▶ _Instructions for the task_: Write out every entry, unchanged. Skip any picture.

▶ _Dataset excerpts_:
------------

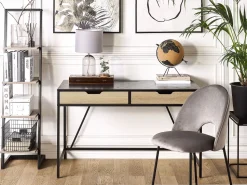 Secretaria Castanha Clara E Preta Com 2 Gavetas 120 X 60 Cm Jena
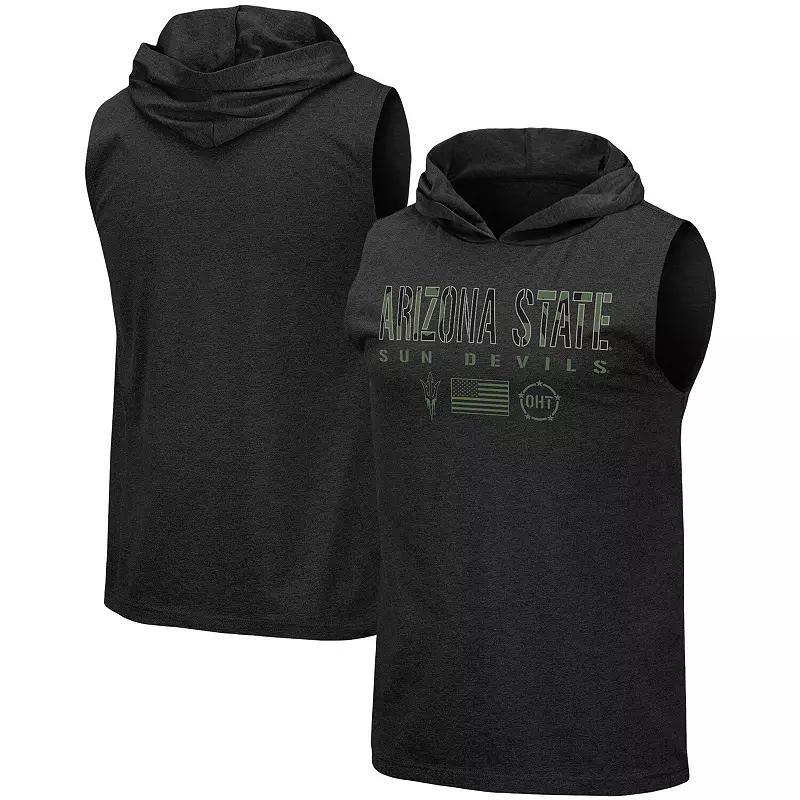 Mens Colosseum Black Arizona State Sun Devils Oht Military-Inspired Appreciation Camo Logo Hoodie Sleeveless T-shirt Product Image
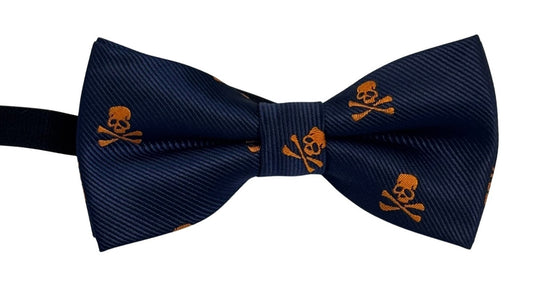 children's navy dark blue bow tie  with skull and crossbones design
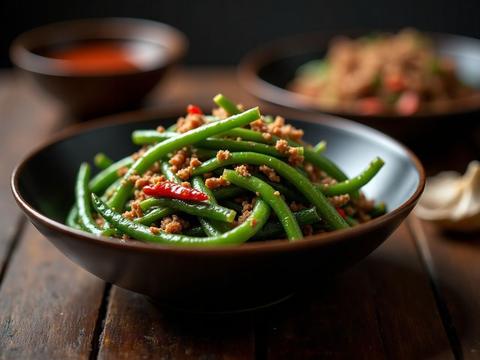 Sichuan dry-fried green beans, blistered and tossed with ground pork and chili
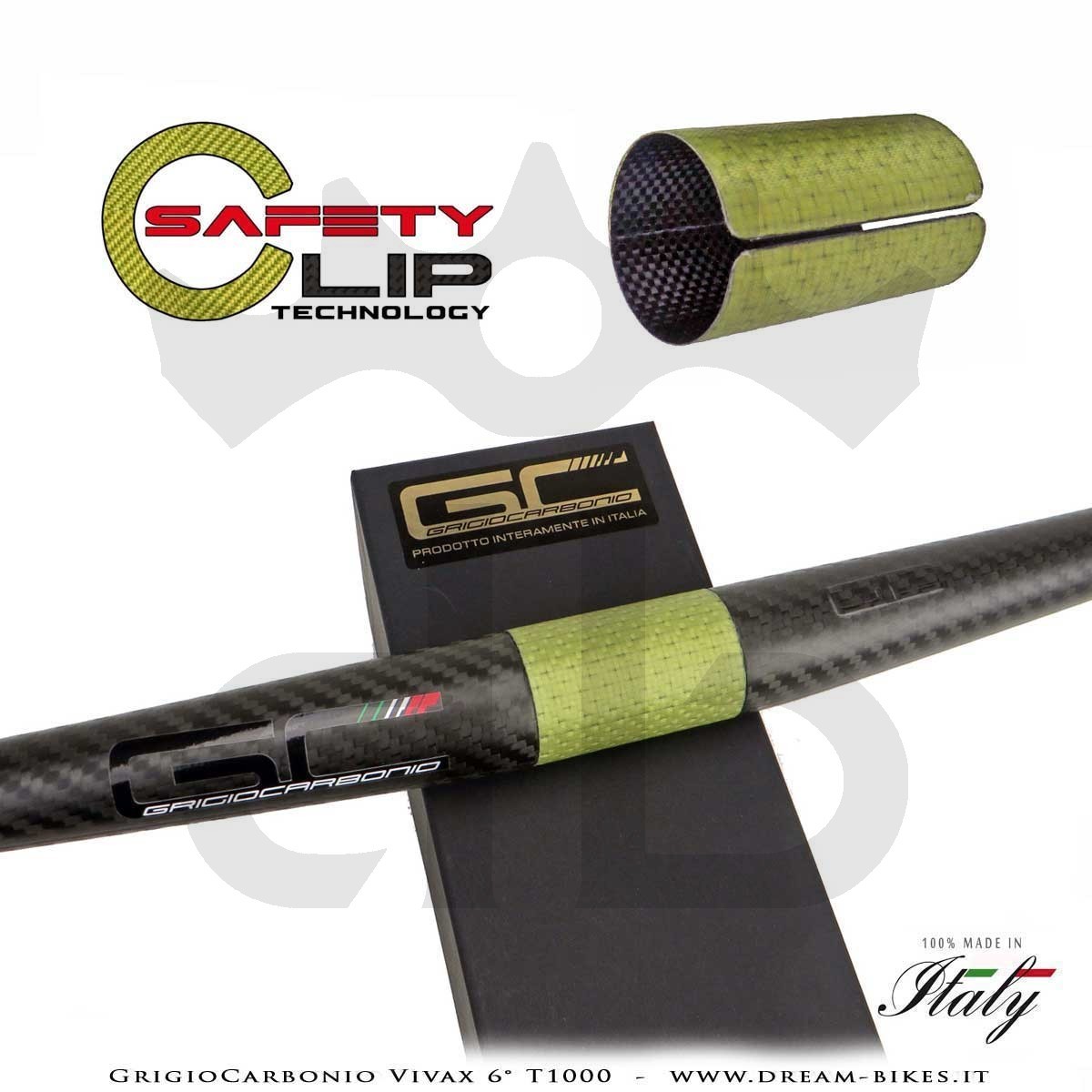 GrigioCarbonio Vivax Flat 6° T1000 12K Curva Manubrio Carbon Ultraleggera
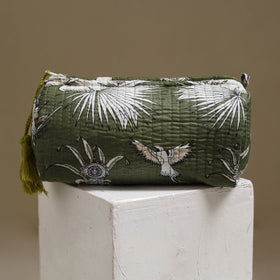 Floral hand block print quilted toiletry bags (set of 3) 25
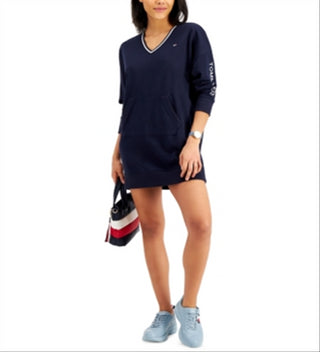 Tommy Jeans Women's V Neck Sweatshirt Dress Blue Size Small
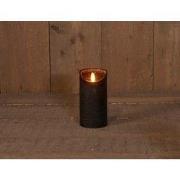 B.o.t. kaars wax rustiek bewegende vlam 7.5x15cm zwart 3xaaa/timer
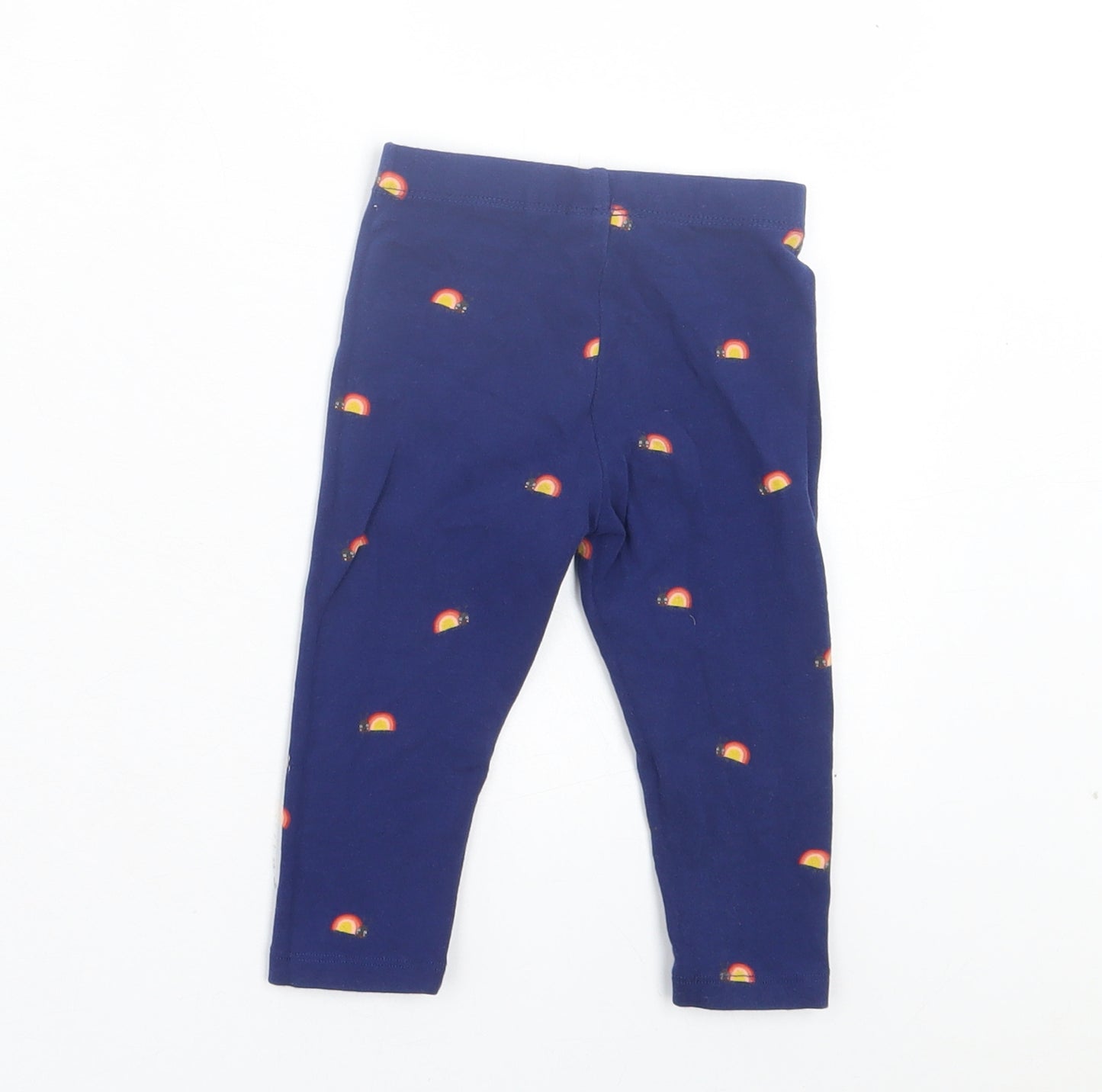 NEXT Girls Blue Geometric Cotton Capri Leggings Size 9-12 Months Pullover - Rainbows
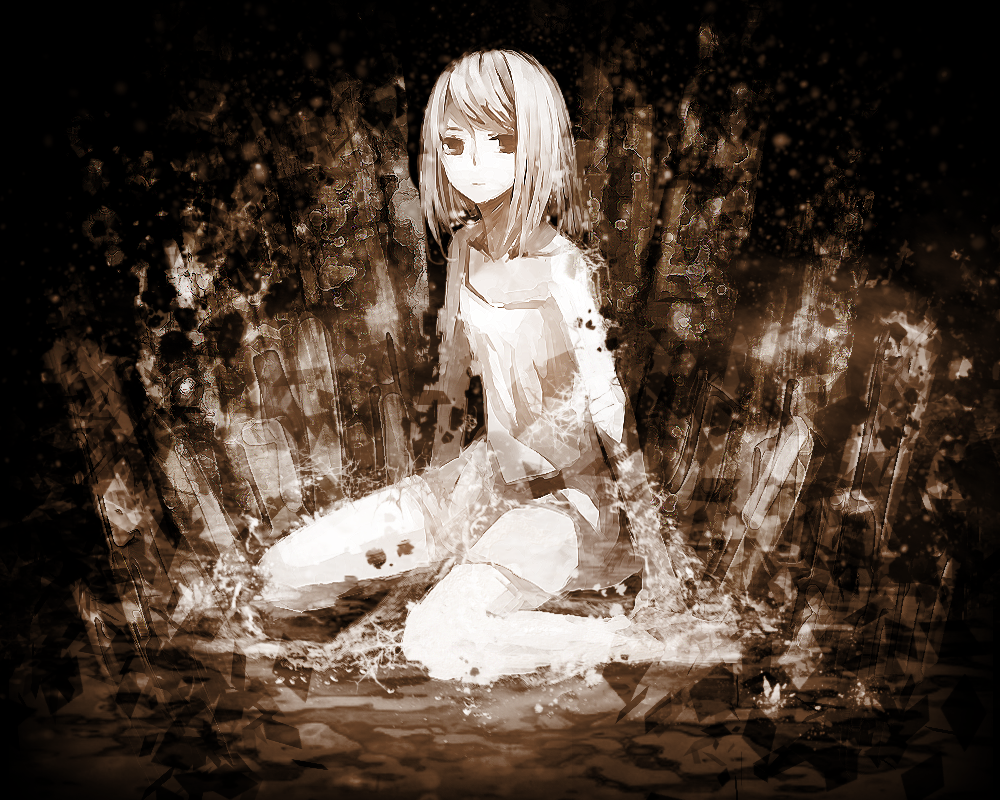 avtechno! bad_id bad_pixiv_id bangs brown closed_mouth collarbone cryonics_(vocaloid) full_body kagamine_rin lemontea looking_at_viewer monochrome short_hair sitting sketch skirt sleeves_past_elbows smile solo swept_bangs vocaloid wariza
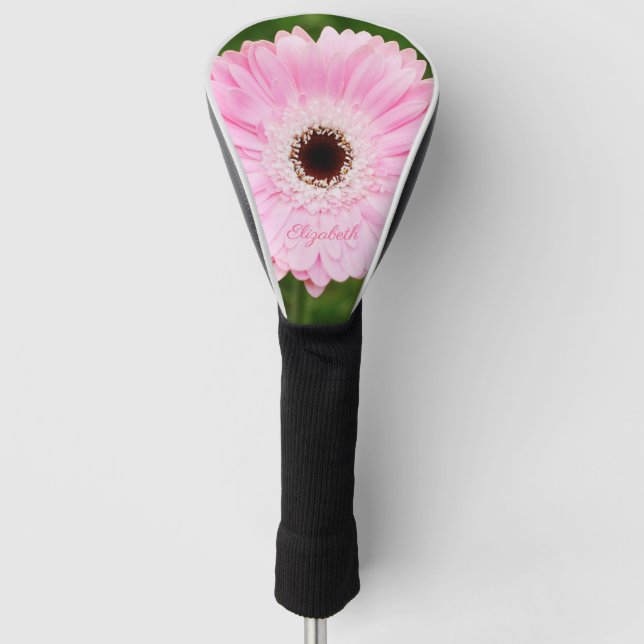 Light Pink Gerbera Daisy Floral Personalized Golf Head Cover (Front)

------------

▶ _Written answer_:
 Secretaria Castanha Clara E Preta Com 2 Gavetas 120 X 60 Cm Jena
 Mens Colosseum Black Arizona State Sun Devils Oht Military-Inspired Appreciation Camo Logo Hoodie Sleeveless T-shirt Product Image
 children's navy dark blue bow tie  with skull and crossbones design
 Sichuan dry-fried green beans, blistered and tossed with ground pork and chili
 GrigioCarbonio Vivax Flat 6° T1000 12K Curva Manubrio Carbon Ultraleggera
 Floral hand block print quilted toiletry bags (set of 3) 25
 Tommy Jeans Women's V Neck Sweatshirt Dress Blue Size Small
 B.o.t. kaars wax rustiek bewegende vlam 7.5x15cm zwart 3xaaa/timer
 NEXT Girls Blue Geometric Cotton Capri Leggings Size 9-12 Months Pullover - Rainbows
 avtechno! bad_id bad_pixiv_id bangs brown closed_mouth collarbone cryonics_(vocaloid) full_body kagamine_rin lemontea looking_at_viewer monochrome short_hair sitting sketch skirt sleeves_past_elbows smile solo swept_bangs vocaloid wariza
 Light Pink Gerbera Daisy Floral Personalized Golf Head Cover (Front)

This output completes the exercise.